The powerful night-sun searchlight is switched on. "It's a horse," three voices say in unison as the animal starts to run. 

"Kilo Charlie One, there's nobody in the back of the graveyard," Sgt Mann says, talking to the unit on the ground. 

Then a mist comes down and the helicopter is forced to return to base at Baldonnel. They are frustrated, but the weather rules. 

In the five months since it started operations the Garda Air Support Unit has been involved in 1,115 tasks. One hundred and seven people have been arrested as a result of joint operations with Air Support and gardaí on the ground. Seven missing people have been found and 65 vehicles recovered. 

On a daylight flight yesterday it was possible to focus on one street, using both daylight camera and thermal imager. 

The thermal image could show which car had parked most recently by the heat of the engine. Those houses that had their heating on could also be picked out. 

The twin Squirrel helicopter accounts for most of the tasks, with the fixed-wing Defender aircraft, referred to as Alpha Sierra One, used for longer flying operations outside Dublin. 

They have started compiling a video of successful operations for training gardaí on how the air unit works. One of the videos shows the thermal imager picking out a white figure on a river bank as two other figures move towards it. 

All three move away from the bank together. This was the rescue of a disturbed woman from the bank of the Liffey on a cold night last month. 

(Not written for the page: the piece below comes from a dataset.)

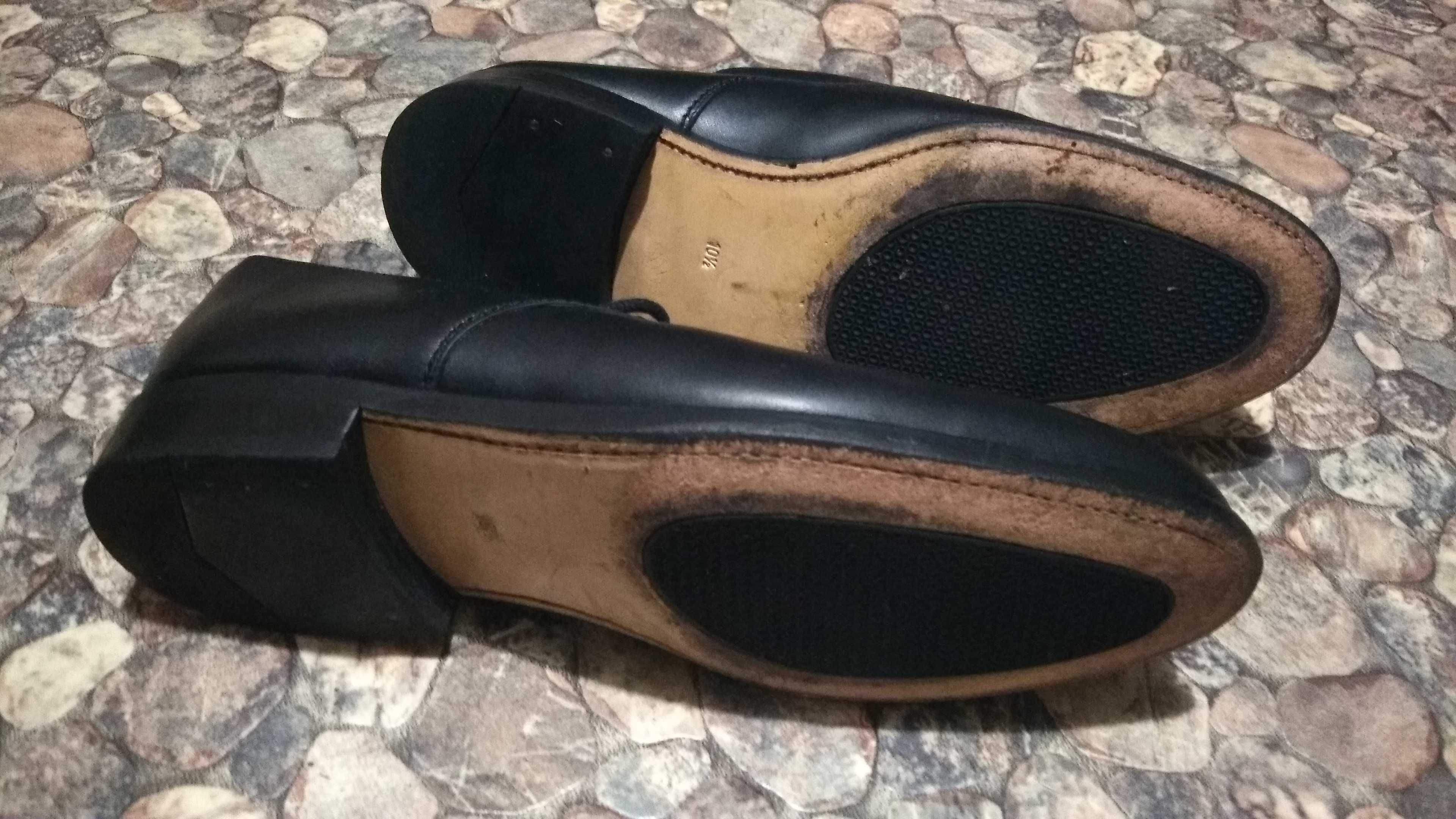 Кожаные классические туфли черные натуральная кожа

Gardaí were searching the banks after a 999 call that a woman had been seen in a distressed state. Located by the helicopter hovering over the Strawberry Beds, the gardaí in the air talked their colleagues on the ground to the woman. 

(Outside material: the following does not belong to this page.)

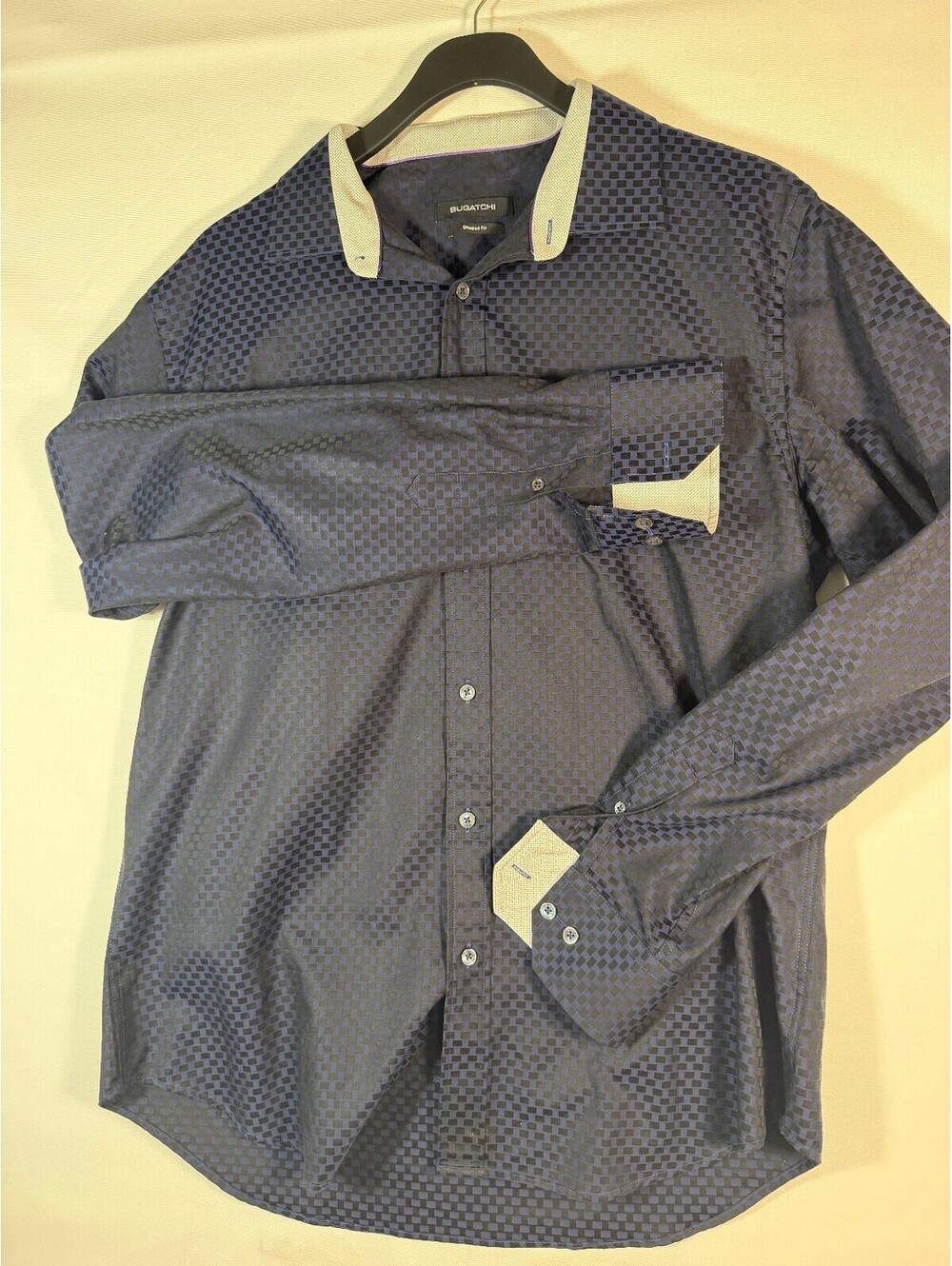 Bugatchi Men's Shaped Fit Dress Shirt Blue and Black Checkered Pattern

In a daylight operation on a Sunday morning a BMW is shown speeding down the M50, passing cars on the inside lane before hitting the verge and crossing the central reservation on to the opposite dual carriageway. 

Two men jump out and run across fields, followed by the helicopter. A voice in the helicopter directs gardaí into the housing estate. One of the youths is caught in a back garden. The other hides behind a shed until he is arrested. The garda on the ground gives a thumbs-up to the helicopter. 

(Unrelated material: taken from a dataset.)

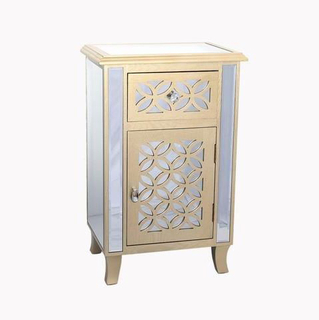Modern Furniture Narrow Mirrored and MDF Silver Cabinet Storage Chest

Fifteen men and one woman, four sergeants and 12 of garda rank, make up the unit, led by Supt Nacie Rice. 

The helicopter and plane are flown by Air Corps pilots assigned to the unit. The camera is on a pod at the front of the helicopter. At the rear there is a night sun-torch, said to be powerful enough to light up a football pitch. 

They work in shifts from 7 a.m. to 1 a.m., with people on call the rest of the time. Both aircraft are able to communicate with individual gardaí, patrol-cars and stations. 

An encrypted radio signal is used for secure contact with Garda units like the Emergency Response Unit. They do not patrol in the helicopter as it can only fly for hours on a tank of fuel. "We could be up for two hours and 20 minutes and then get a call and not be able to respond because we have to refuel." 

Two videotapes, a master and a back-up, record operations from the sky. The master is sealed as evidence to be used in any court proceedings, and the copy can be shown to gardaí on the ground in advance of a prosecution. 

It is a different kind of policing. As the voices from the air, the unit gardaí are not part of the camaraderie of a station, where a successful operation might be celebrated that night. 

"There is an adrenaline rush from being responsible for someone getting caught that you know would have got away. You get the rush, but it's in a different form." 

And, yes, the Garda Air Support Unit can see your face from the sky, if they are at the right angle. The camera can read number plates, also depending on the angle. 

There have been complaints from people who may have been woken by the noise and light of a search at night. 

"We reply to them in writing," Sgt Mann said. "Usually when we explain that there was a robbery in their area and we were looking for the suspects people have no problem."